Imports made up 86 per cent of India’s gold supply between 2016-2020, and inbound shipments continue to grow despite high import duty, as per a report by the World Gold Council (WGC).
Since the first duty hike in 2012, India has imported some 6,581 tonnes of gold, averaging 730 tonnes per annum, according to WGC’s ‘Bullion Trade in India’ report.
In 2020, India imported 377 tonnes of gold bars and dore from over 30 countries, of which 55 per cent came from just two countries — Switzerland (44 per cent) and the UAE (11 per cent).
Duty benefits led to a massive expansion of refining capacity in the country as the number of refineries grew from three in 2012 to 32 in 2020. Currently, some 25-26 refineries are active, with a combined refining capacity of 1,200- 1,400 tonnes, it said.
With lower duty on gold dore, its share of gold imports has increased from 11 per cent in 2014 to 29 per cent in 2020. “As the second largest global market, Indian gold demand is heavily dependent on bullion and dore imports. And looking at the current market trends we expect gold imports to be stronger in 2022, as compared to this year,” WGC Regional CEO, India, Somasundaram P R said.

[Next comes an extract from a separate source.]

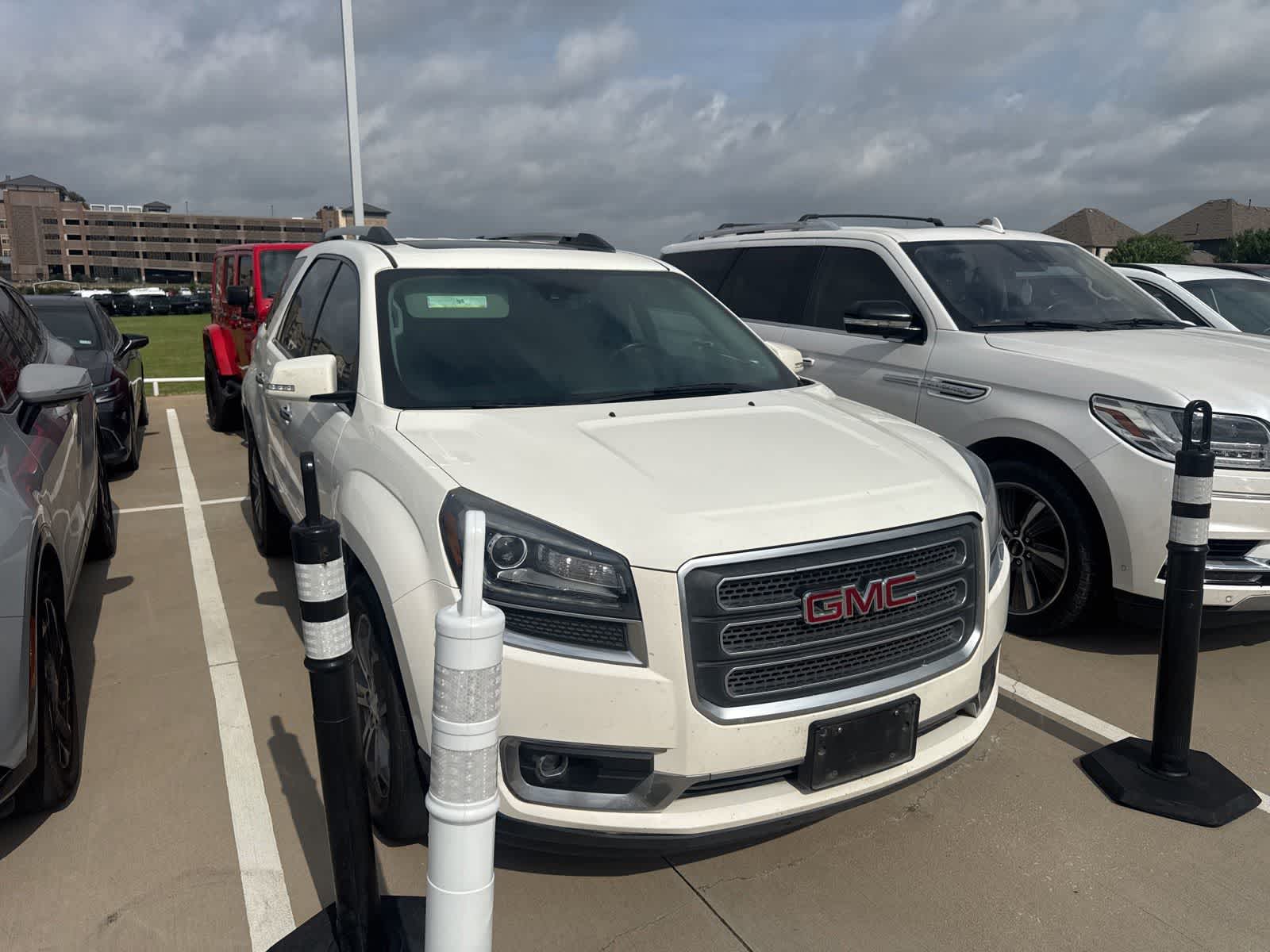Thumbnail: 2015 GMC Acadia - 4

However, he said, challenges remain on dore sourcing and organised trading which act as barriers to a more active role for banks and bullion trade. “High taxes on bullion continue to be a strong incentive for the grey markets that constantly undermine all reforms to make gold liquid and mainstream.”
“There are significant opportunities to emerge as a global bullion trading hub through the international gold spot exchange (IIBX) with a thriving domestic bullion eco-system underpinned by globally recognised standards and infrastructure,” he pointed out. Bullion banking is a catalyst for change in India’s gold market landscape, the report said.